- _Activity_
What is needed is an exact transcription of the listing, with the images removed.

- _Information shown_
*** Block opens ***
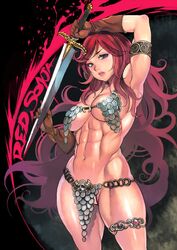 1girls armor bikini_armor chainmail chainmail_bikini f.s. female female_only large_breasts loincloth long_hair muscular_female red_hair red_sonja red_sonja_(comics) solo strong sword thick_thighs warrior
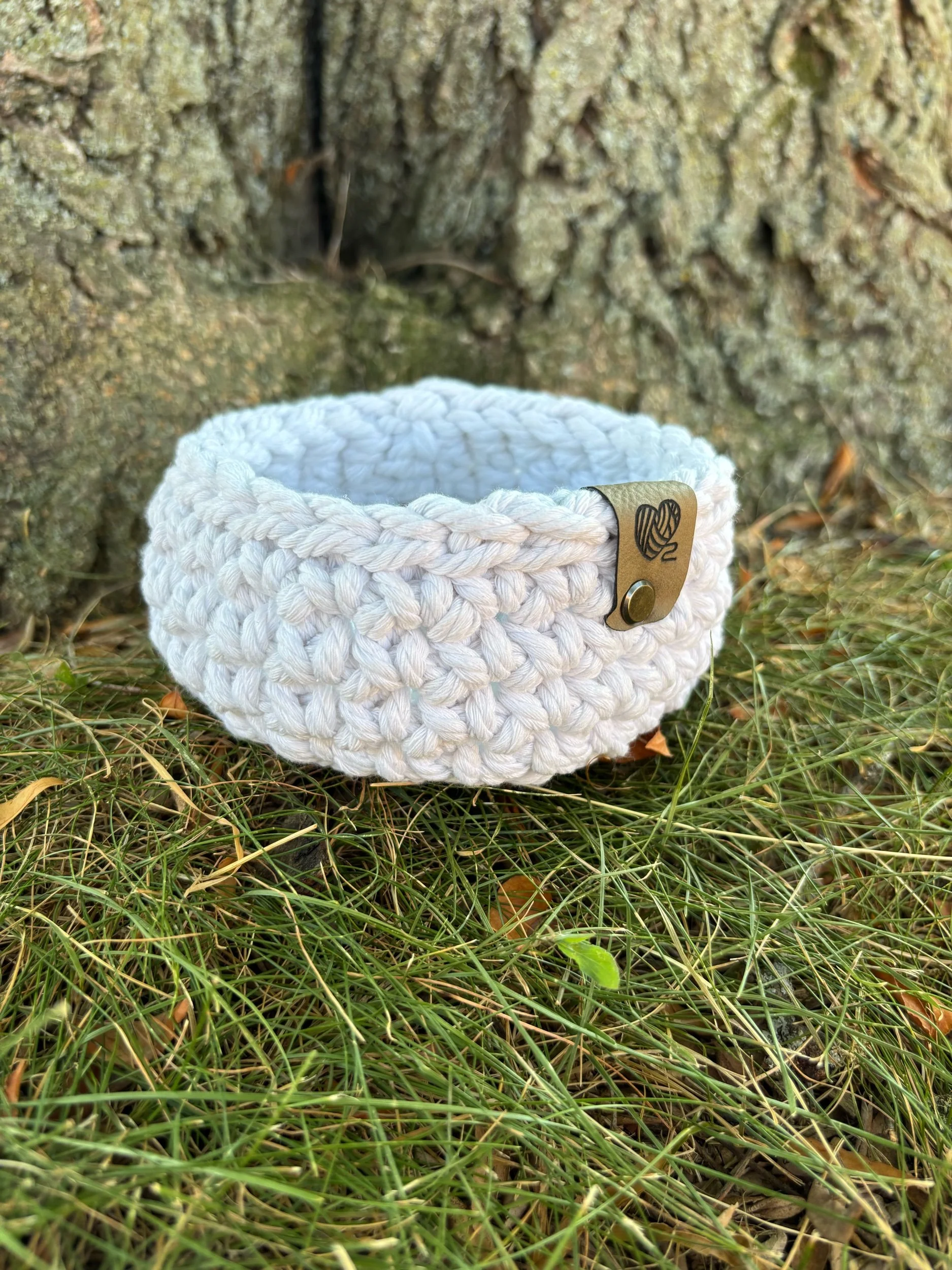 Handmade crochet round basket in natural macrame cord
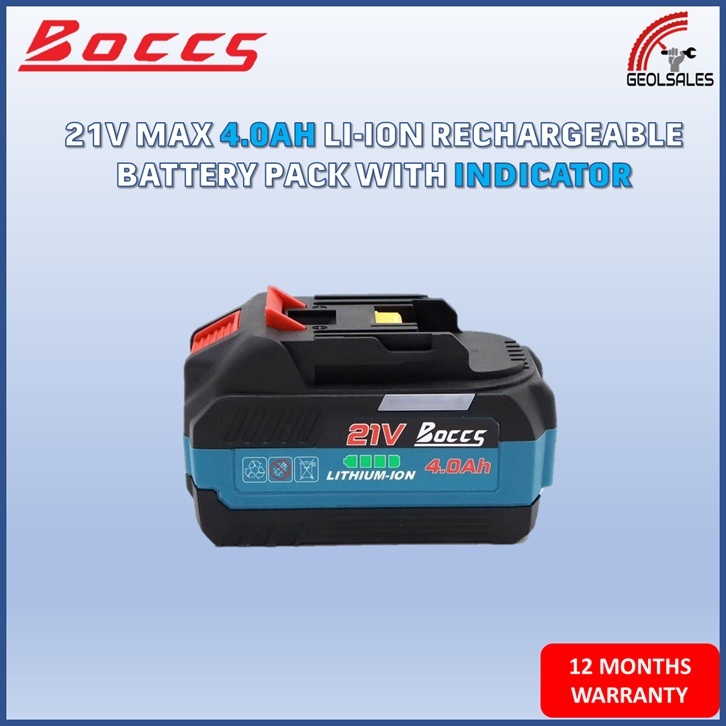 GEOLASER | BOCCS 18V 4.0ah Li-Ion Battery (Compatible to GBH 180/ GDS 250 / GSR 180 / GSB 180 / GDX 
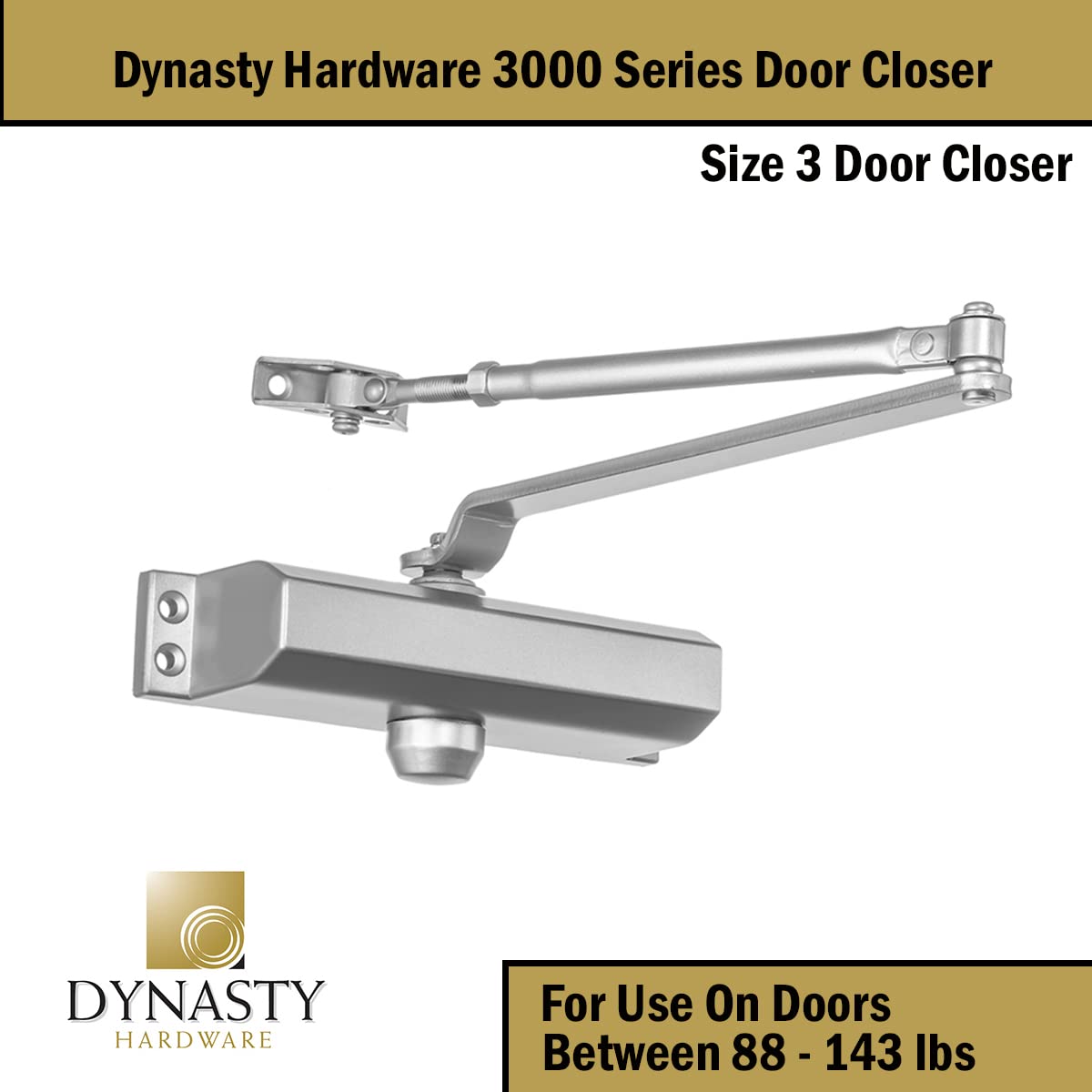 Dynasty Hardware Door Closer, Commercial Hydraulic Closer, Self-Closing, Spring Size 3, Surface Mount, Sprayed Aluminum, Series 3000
*** Block closes ***
- _Output_
 1girls armor bikini_armor chainmail chainmail_bikini f.s. female female_only large_breasts loincloth long_hair muscular_female red_hair red_sonja red_sonja_(comics) solo strong sword thick_thighs warrior
 Handmade crochet round basket in natural macrame cord
 GEOLASER | BOCCS 18V 4.0ah Li-Ion Battery (Compatible to GBH 180/ GDS 250 / GSR 180 / GSB 180 / GDX 
 Dynasty Hardware Door Closer, Commercial Hydraulic Closer, Self-Closing, Spring Size 3, Surface Mount, Sprayed Aluminum, Series 3000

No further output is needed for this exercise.